Visuals from the scene showed applicants bumping into each other and pushing through to reach the form counter. Reportedly, applicants, without any food or water, had to wait for hours, leading to many of them feeling sick.

Of the vacancies that were opened, one of the positions was that of Airport loaders, who load and unload luggage into the aircraft and at the airport. They are also tasked with operating the ramp tractors and baggage belts, NDTV reported.

At least five loaders are needed to handle one aircraft's luggage, cargo and food supplies.

The salary range of an airport loader falls between Rs 20,000 to Rs 25,000, with most of these employees making around Rs 30,000 after earning overtime allowances.

Though the educational qualification requirement is basic, the applicant must be physically fit and strong.

"I have applied for the job of handyman. They are offering a salary of Rs 22,500," said Prathameshwar, who travelled over 400 km to attend the interview. A second year BBA student, Prathameshwar said that what could he do other than quitting his studies if he gets the job.

He asked, when there's such "unemployment, what can we do?" urging the government to create more job opportunities.

Another man with a BA degree was at the interview site even though he didn't know much about a handyman's work, citing that he "needs the job", the report said.

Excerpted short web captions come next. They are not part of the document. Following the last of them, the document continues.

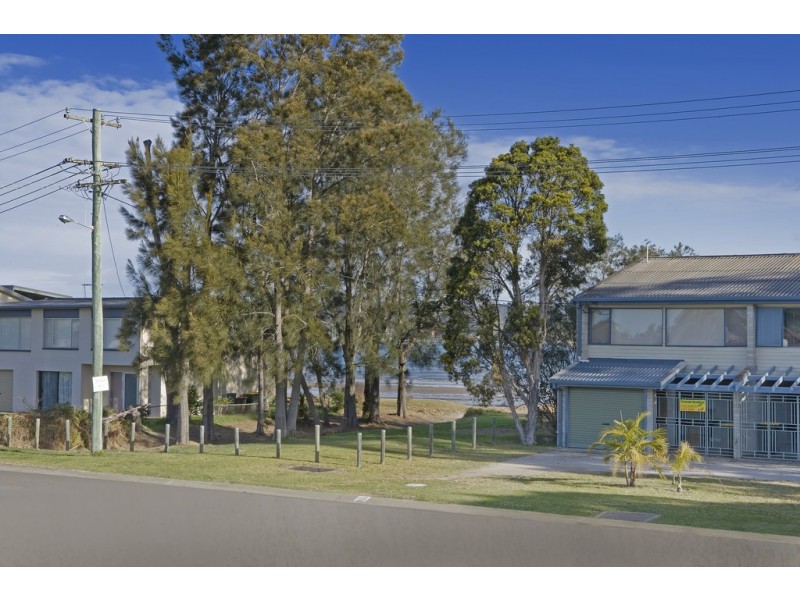 41 Wallaringa Street, Surfside NSW 2536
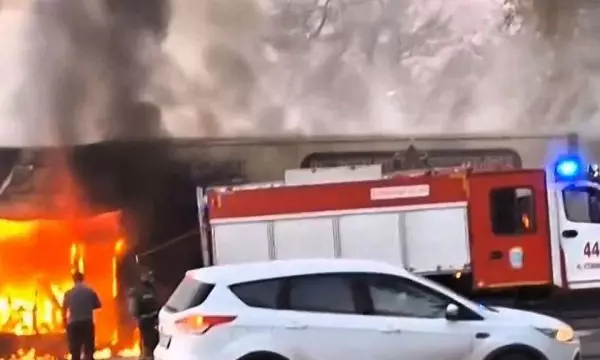 Три торговых павильона сгорели на главной улице в Новой Усмани под Воронежем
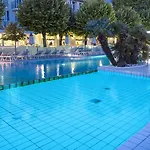 Paris Hotel 3*
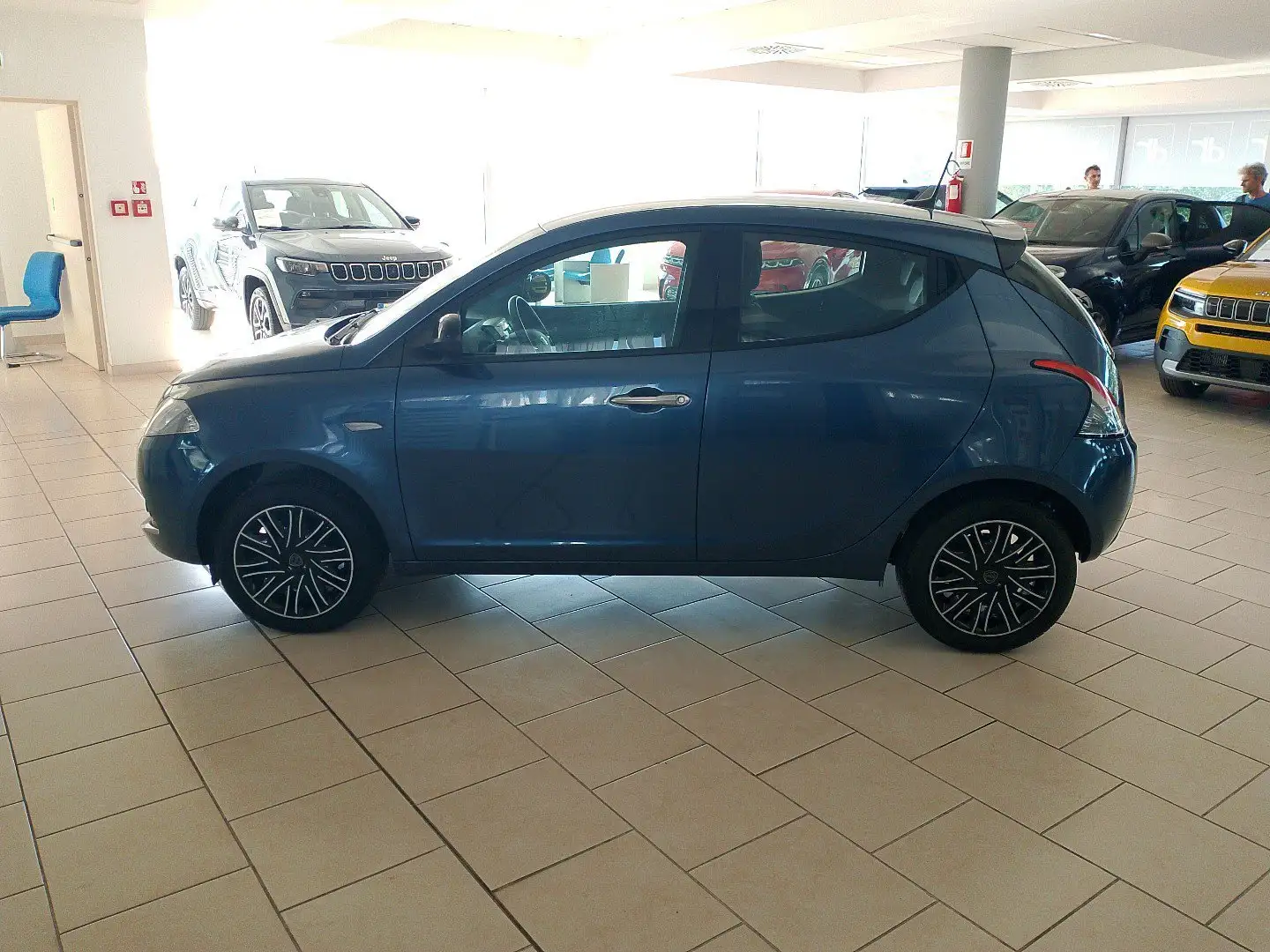 Lancia Ypsilon 3ª serie 1.0 FireFly 5 porte S&S Hybrid Oro Blau - 2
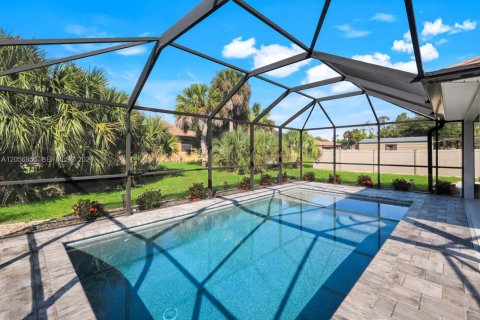 Villa ou maison à vendre à Port Charlotte, Floride: 3 chambres № 2270270 - photo 2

Another job candidate with an MCom degree applied for the post, even though the basic qualification needed is basic. He was there because he had heard the pay was good and the man was also preparing for government job exams.

Notably, just days before, a similar incident in Ankleshwar in Gujarat's Bharuch district had sparked a row. Job seekers were seen jostling each other around as a massive queue formed outside the walk-in interview venue.

For merely 10 openings at a private firm, near about 1,800 applicants had turned up leading to the chaotic stampede-like situation.

The crowd was so big that applicants were seen standing and leaning over the ramp's railing, which ultimately collapsed under the overload. Fortunately, none of the persons who fell from the low-heighted railing suffered any major injuries.

The Congress saw the chance and had slammed the Bharatiya Janata Party, saying that it's Gujarat model had been "exposed". The grand old party said that the ruling BJP was using imposing this unemployment model across the nation.

Similarly, the Mumbai airport incident has also, Congress MP Varsha Gaikwad raised the unemployment issue, hitting out at the BJP.

"It is said about Mumbai that no one goes empty handed from here, everyone gets something or the other to survive here. But look at the condition of unemployment in the financial capital of Mumbai," she said in her post on X.

She accused the central government of "gifting" industries coming to Maharashtra to Gujarat instead.

"What has the BJP government at the centre and the Khoke government in the state done to the economic capital and the country? The youth need employment, not empty promises and false statistics," she said, asking that "When will this government be serious about the future of the youth of the country?"

Air India is yet to respond to the incident.